Records for this task:
▼▼▼

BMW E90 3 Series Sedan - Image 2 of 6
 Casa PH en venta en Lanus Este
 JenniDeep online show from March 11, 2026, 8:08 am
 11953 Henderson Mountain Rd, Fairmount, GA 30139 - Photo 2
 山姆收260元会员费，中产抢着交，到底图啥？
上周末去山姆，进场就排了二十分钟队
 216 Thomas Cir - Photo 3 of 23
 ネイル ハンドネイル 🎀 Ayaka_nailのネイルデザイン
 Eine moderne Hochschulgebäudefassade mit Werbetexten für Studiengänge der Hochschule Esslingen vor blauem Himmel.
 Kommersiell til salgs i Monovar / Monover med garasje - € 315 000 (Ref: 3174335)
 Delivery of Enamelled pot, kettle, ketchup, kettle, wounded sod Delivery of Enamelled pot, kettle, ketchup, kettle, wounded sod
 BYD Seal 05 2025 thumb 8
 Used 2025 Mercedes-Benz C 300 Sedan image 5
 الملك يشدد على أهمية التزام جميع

▲▲▲

Exercise requirements: Going line by line, set down the data above exactly as given.

Output for this task:
BMW E90 3 Series Sedan - Image 2 of 6
 Casa PH en venta en Lanus Este
 JenniDeep online show from March 11, 2026, 8:08 am
 11953 Henderson Mountain Rd, Fairmount, GA 30139 - Photo 2
 山姆收260元会员费，中产抢着交，到底图啥？
上周末去山姆，进场就排了二十分钟队
 216 Thomas Cir - Photo 3 of 23
 ネイル ハンドネイル 🎀 Ayaka_nailのネイルデザイン
 Eine moderne Hochschulgebäudefassade mit Werbetexten für Studiengänge der Hochschule Esslingen vor blauem Himmel.
 Kommersiell til salgs i Monovar / Monover med garasje - € 315 000 (Ref: 3174335)
 Delivery of Enamelled pot, kettle, ketchup, kettle, wounded sod Delivery of Enamelled pot, kettle, ketchup, kettle, wounded sod
 BYD Seal 05 2025 thumb 8
 Used 2025 Mercedes-Benz C 300 Sedan image 5
 الملك يشدد على أهمية التزام جميع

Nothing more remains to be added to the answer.